Training can prevent sexual assaults
The Air Force has a strong commitment to reducing the number of sexual assaults using prevention training to bring awareness to this crime along with offering reporting options for victims. The 4th Fighter Wing Sexual Assault Prevention and Response Office provides training to identify risky situations and encourage responsible choices. Through bystander intervention training, Airmen are taught that they must be aware of the situation around them and their friends, and be ready to step in and act when needed. This awareness can change a situation and ultimately prevent a crime.
Most sexual assaults that occur here involve alcohol and are usually committed by someone the victim knows or works with. This is referred to as date or acquaintance rape. After this type of rape is committed, friends may take sides with either the alleged victim or perpetrator, thus creating havoc within a unit. Often, it could have been prevented if someone had just stepped in or said something. Is it uncomfortable to step in? Maybe, but it is what the Air Force expects you to do. Besides, how would you feel if you did nothing and someone was sexually assaulted?
While we know the majority of people are not rapists or abusers and would not hurt someone they care about, there are still some among us who would prey on an unsuspecting person. Every day we are bombarded with movies, magazines, television and music depicting women as weak, submissive or degraded.

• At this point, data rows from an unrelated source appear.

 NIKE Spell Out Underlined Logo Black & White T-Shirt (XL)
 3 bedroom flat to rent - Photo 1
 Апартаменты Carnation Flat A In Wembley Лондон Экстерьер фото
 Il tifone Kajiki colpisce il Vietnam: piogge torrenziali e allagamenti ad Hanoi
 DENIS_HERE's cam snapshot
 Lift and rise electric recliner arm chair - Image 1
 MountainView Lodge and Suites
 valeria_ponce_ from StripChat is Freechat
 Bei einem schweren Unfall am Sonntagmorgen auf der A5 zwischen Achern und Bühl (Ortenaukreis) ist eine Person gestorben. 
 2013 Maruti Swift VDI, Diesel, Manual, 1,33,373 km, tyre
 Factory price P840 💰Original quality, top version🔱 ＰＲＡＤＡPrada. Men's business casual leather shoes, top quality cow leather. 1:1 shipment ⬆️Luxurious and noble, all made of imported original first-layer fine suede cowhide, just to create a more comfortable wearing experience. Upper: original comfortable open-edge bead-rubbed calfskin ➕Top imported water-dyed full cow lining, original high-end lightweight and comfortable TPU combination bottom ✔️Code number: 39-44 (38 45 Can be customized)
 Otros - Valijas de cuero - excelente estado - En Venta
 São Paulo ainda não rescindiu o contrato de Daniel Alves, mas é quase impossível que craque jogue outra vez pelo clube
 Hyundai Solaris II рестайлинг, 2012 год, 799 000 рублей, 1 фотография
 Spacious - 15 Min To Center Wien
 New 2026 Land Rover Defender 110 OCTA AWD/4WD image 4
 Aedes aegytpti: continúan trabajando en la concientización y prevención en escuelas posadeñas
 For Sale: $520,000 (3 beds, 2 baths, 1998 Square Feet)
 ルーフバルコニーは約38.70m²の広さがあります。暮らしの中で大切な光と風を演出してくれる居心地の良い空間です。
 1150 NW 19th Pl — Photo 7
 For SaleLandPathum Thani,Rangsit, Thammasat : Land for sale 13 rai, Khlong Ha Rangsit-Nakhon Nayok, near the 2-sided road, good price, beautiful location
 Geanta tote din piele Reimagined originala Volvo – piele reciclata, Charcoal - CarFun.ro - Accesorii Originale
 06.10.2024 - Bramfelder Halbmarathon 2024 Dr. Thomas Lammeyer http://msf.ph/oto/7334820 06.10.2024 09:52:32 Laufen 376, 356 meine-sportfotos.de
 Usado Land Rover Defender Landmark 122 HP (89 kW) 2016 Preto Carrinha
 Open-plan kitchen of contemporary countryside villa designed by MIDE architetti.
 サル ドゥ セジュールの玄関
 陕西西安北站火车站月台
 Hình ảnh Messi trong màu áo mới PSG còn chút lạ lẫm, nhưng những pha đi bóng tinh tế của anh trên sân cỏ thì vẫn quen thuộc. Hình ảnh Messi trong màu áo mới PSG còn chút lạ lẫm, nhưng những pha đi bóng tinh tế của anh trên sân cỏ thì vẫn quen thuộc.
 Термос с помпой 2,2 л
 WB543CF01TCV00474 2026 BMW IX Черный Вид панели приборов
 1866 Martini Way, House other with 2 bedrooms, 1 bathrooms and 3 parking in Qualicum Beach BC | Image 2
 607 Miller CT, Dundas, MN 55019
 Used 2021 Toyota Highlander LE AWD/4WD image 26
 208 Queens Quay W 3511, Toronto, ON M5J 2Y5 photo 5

Alcohol is frequently a part of the equation. We become desensitized by what we see and hear and, over time, we come to view this as normal behavior.
Department of Defense and Air Force training is promoting a change and forces us to relook at what we can do to prevent sexual assaults.
Annual training arms Airmen with information to help protect them and their friends or co-workers and provide support to victims. Victim advocates, after completing their training, frequently comment on how it has opened their eyes and changed the way they look at movies, magazines and television.